- _EXERCISE AIM_
Please filter the data down to the lines that include the word "Ford" and copy them.

- _EXERCISE INPUTS_
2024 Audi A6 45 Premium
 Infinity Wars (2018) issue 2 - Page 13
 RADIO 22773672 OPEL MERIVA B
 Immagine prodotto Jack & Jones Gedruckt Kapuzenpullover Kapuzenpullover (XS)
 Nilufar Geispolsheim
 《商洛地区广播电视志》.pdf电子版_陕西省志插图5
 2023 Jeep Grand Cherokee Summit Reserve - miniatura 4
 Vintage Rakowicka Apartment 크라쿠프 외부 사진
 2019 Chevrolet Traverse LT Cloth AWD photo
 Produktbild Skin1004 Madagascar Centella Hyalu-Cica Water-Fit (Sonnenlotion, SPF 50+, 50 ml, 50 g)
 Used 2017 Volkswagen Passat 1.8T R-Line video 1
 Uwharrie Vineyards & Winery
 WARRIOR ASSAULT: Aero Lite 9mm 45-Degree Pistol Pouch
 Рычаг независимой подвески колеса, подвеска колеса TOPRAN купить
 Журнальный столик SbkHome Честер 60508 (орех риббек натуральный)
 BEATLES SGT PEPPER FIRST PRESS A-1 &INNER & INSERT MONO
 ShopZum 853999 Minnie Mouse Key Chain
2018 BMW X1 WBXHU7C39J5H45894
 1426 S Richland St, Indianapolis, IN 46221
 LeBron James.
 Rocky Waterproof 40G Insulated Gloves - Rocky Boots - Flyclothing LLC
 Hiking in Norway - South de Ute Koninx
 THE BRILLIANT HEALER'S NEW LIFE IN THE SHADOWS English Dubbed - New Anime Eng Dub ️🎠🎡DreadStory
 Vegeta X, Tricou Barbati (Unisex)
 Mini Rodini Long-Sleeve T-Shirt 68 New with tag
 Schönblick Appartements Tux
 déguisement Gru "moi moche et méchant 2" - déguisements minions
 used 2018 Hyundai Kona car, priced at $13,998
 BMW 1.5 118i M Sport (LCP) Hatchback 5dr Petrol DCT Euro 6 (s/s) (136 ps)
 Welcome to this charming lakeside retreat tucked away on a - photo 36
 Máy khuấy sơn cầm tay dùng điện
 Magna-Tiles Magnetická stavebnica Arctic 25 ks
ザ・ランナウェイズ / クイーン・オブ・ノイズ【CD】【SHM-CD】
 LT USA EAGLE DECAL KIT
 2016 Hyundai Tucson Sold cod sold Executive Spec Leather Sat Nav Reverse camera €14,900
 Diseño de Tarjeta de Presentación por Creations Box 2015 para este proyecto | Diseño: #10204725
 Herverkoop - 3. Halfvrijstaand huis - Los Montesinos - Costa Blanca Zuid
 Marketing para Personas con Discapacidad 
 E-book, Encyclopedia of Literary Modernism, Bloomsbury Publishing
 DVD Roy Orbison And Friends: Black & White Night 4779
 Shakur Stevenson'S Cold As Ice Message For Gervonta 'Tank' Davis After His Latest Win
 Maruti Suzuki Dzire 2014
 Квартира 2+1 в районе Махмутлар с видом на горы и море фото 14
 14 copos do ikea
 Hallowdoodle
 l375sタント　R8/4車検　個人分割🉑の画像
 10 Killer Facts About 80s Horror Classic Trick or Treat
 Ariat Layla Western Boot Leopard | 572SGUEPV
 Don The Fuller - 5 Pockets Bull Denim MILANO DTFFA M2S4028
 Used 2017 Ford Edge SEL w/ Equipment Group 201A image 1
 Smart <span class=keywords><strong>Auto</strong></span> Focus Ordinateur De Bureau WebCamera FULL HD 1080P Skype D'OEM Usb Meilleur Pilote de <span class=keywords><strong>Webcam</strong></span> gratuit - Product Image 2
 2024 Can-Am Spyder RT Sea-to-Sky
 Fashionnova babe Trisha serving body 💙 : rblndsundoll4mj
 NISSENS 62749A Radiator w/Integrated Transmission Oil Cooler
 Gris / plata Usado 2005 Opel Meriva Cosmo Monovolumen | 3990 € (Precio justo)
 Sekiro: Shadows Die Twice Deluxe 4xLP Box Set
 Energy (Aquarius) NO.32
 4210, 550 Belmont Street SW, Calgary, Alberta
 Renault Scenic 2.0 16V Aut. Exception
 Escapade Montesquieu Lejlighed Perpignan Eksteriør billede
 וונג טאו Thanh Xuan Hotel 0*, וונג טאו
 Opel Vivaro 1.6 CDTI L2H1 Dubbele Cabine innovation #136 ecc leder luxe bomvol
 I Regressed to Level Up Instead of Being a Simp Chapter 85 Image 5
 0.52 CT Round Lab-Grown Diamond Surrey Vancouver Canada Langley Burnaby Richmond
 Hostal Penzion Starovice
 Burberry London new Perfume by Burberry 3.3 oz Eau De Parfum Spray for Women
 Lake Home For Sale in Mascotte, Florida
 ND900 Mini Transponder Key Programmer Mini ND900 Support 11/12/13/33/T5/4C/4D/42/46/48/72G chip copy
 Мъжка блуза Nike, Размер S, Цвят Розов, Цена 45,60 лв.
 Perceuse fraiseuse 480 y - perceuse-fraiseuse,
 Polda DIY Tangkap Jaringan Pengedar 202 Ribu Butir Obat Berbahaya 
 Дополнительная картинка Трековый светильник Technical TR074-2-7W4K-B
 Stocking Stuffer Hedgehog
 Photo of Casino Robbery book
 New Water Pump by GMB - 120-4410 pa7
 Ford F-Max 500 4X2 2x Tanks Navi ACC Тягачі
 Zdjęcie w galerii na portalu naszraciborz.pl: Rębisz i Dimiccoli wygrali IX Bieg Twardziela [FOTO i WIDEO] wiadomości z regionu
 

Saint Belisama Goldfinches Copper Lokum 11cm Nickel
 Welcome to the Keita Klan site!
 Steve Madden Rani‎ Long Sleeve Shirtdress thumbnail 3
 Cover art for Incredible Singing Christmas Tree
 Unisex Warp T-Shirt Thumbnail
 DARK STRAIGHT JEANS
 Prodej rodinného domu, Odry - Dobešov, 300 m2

- _ANSWER AREA_
 Used 2017 Ford Edge SEL w/ Equipment Group 201A image 1
 Ford F-Max 500 4X2 2x Tanks Navi ACC Тягачі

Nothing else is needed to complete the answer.